Filed under: conservation, social problems — valerieyulesletters @ 2:06 am

It’s time for a history of water supply In Victoria, Australia
A great deal about our world-pioneering past that needs to be known in these timid days. It’s surely time to review the history of water supply in Victoria and how its early pioneering has been betrayed.
The history of water supply in Victoria includes world-pioneering early legislation, forward-looking vision and achievements by Alfred Deakin and the State Rivers organization he helped to found, and its continuing bedevilment by politics and private interests.
Yet there is no book focussing on the political and organizational aspects of Victorian water supply to my knowledge. I have offered documents for anyone wanting to write one. My father wanted me to do my History MA on ‘The disastrous effects of the Country Party on the history of Victoria’ but lecturer Geoff Searle ruled it ineligible.
In 1884 Alfred Deakin’s support and royal commission on water supply led to the epoch-making Irrigation Act of 1886 designed by water engineer Stuart Murray, which restricted riparian rights of landowners by vesting in the Crown the sole right to use and control practically all surface waters.

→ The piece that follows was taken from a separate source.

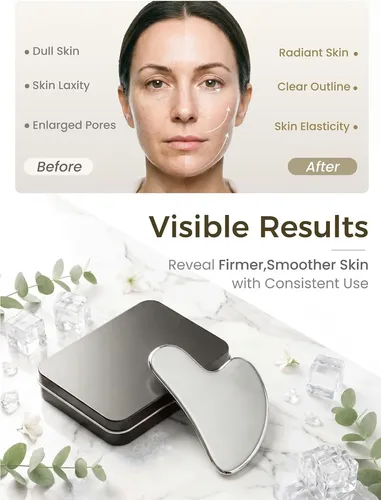 Gua Sha Facial Acero Inoxidable Plata Para Cuello Y Cara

The 1905 Water Act vested in the Crown the beds and banks of all streams despite opposition from landed interests. The State of Victoria led the world in laws to keep the beds and banks of all streams and coasts owned by the Crown (except what was already alienated, as at Portsea). Since Premier Kennett these laws have been seriously eroded. The State Rivers & Water Supply Commission which sprang from the 1886 Act has also been disbanded as ‘no longer needed’ and its work fragmented. Its part in the early history of the River Murray Commission needs to be better known.
State Rivers fought a running battle to try to prevent irrigators misusing water, to save environmental flows, and for drainage to prevent salination. It offered irrigators rights to a fair share of the water available. Those rights have since been translated into ownership of the water, which has led to the rule of the market.
The Commisson did not realise the value of swamps and went about draining them to reclaim land and prevent mosquitoes. They did not realise all the effects that dams could have, but tried to minimise adverse consequences. Nevertheless,Victoria led the world! The single authority in Victoria replaced all the messy Trusts before it – and has been replaced by mess afterwards.
Now, however, we have the privatisation of water, and the business of trading in it, the extension of privileges to encroach on banks and coasts, and the inability to control the Murray-Darling Basin river flows in the public and environmental interests.
Valerie Yule (writer of the entries on Stuart Murray and Hugh McColl in the Dictionary of National Biography).